How do I approach this problem? I couldn't find a suitable answer for it on the internet.

Answer 1

Assume we have the following definition of mod:

x mod y = {       x,       if 0 <= x < y
            (x - y) mod y, if 0 <  y <= x
                  x,       if -y < x < 0
            (x + y) mod y, if x <= -y < 0
            -(-x mod -y)   if y < 0
          }

So our modulus works like this:

3 mod 5 = 3
6 mod 5 = 6-5 mod 5 = 1 mod 5 = 1
-3 mod 5 = -3
-6 mod 5 = -6+5 mod 5 = -1 mod 5 = -1
-6 mod -5 = -(6 mod 5) = -1
6 mod -5 = -(-6 mod 5) = -(-1) = 1

Our language is L = {(n_a(w) - n_b(w)) mod 3 > 0}

Let's define A := n_a(w) and B := n_b(w). So we need to solve (A - B) mod 3 > 0 using our definition of mod. We have five cases:

1. if 0 <= A - B < 3, meaning B <= A < B + 3, then (A - B) mod 3 = A - B. By hypothesis it is at least zero, and can only be zero then if A = B. We can confirm that when A = B we are always in case #1 and we always have (A - B) mod 3 > 0 false, so we can throw that possibility out.

2. if 0 < 3 <= A - B, meaning B < 3 + B <= A or simply A >= 3 + B, then (A - B) mod 3 = (A - B - 3) mod 3. By the hypothesis, A - B - 3 >= 3 + B - B - 3 >= 0, so we are still in either case 1 or 2. If we remain in case 2, we can repeat this until we eventually reach case 1, and we will see that we cannot have A - B - 3k = 0; that is, it cannot be that A = B + 3k for any positive k.

3. if -3 < A - B < 0, or B - 3 < A < B, then (A - B) mod 3 = A - B. By the hypothesis it is less than zero, and so we must throw out all of these possibilities.

4. if A - B <= -3 < 0, meaning A <= B - 3 < B or simply A <= B - 3 then (A - B) mod 3 = (A - B + 3) mod 3. By the hypothesis, A - B + 3 <= B - 3 - B + 3 = 0, so we are still in either case 3 or 4. If we remain in case 4, we can repeat this until we eventually reach case 3, and we will see nothing remains.

5. We cannot be in this case since 3 > 0.

We had to throw out the following strings from our language:

• A = B
• A = B + 3k
• A < B.

So we keep only strings with more a's than b's where A - B is not divisible by 3. Suppose this language were regular.
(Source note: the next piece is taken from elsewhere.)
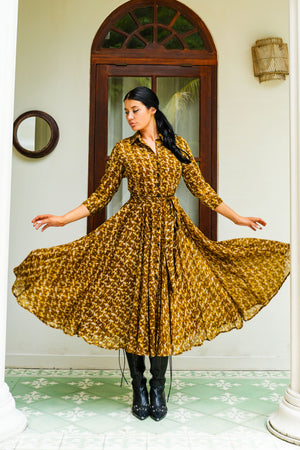 Aster Dress Shirt Collar 3/4 Sleeve Midi Length Wool (Hounds Dots) - Deep Mustard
Consider the string (b^p)(a^(p+1)) in the language. By the pumping lemma, we should be able to pump the number of bs; but then we could get more bs than as. So the language cannot be regular.

If we take what is maybe a more usual definition for x mod y (not more correct, necessarily):

x mod y = {        x       , if 0 <= x < y
                (x - y)    , if 0 < y <= x
            (x + y) mod y  , if -y < x < 0
            -(-x mod -y)   , if y < 0
          }

By this definition:

1. in case 1, we throw out A = B
2. in case 2, we throw out A = B + 3k
3. in case 3, we throw out A = B - 3k
4. since 3 > 0, case 4 doesn't apply

Now we have only thrown out the cases where A mod B = 0 (mod 3). This language is regular and has DFA:

    +------------a-------------+
    |                          |
    |  +---b----+  +---b----+  |
    |  |        |  |        |  |
    V  V        |  V        |  |
    (q0)---a--->(q1)---a--->(q2)
--->(q0)
    (q0)---b--->(q3)---b--->(q4)
    ^  ^        |  ^        |  |
    |  |        |  |        |  |
    |  +---a----+  +---a----+  |
    |                          |
    +------------b-------------+